Using the records below, write out only the lines from the line containing "New York City" up to and including the line containing "Fototapeta na wymiar", exactly, with no pictures.

**MATERIALS PROVIDED**
*-*-*

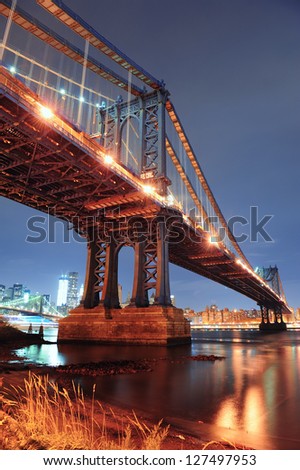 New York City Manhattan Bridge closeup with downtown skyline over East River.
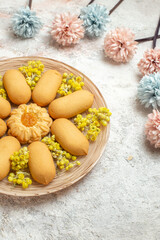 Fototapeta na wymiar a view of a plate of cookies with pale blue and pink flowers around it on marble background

*-*-*

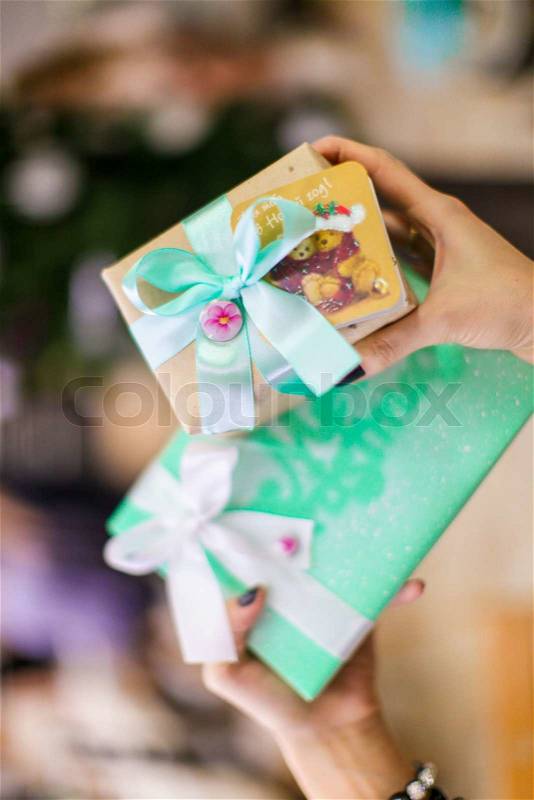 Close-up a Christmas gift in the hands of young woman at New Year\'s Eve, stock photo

*-*-*

**REPLY TO THE TASK**
 New York City Manhattan Bridge closeup with downtown skyline over East River.
 Fototapeta na wymiar a view of a plate of cookies with pale blue and pink flowers around it on marble background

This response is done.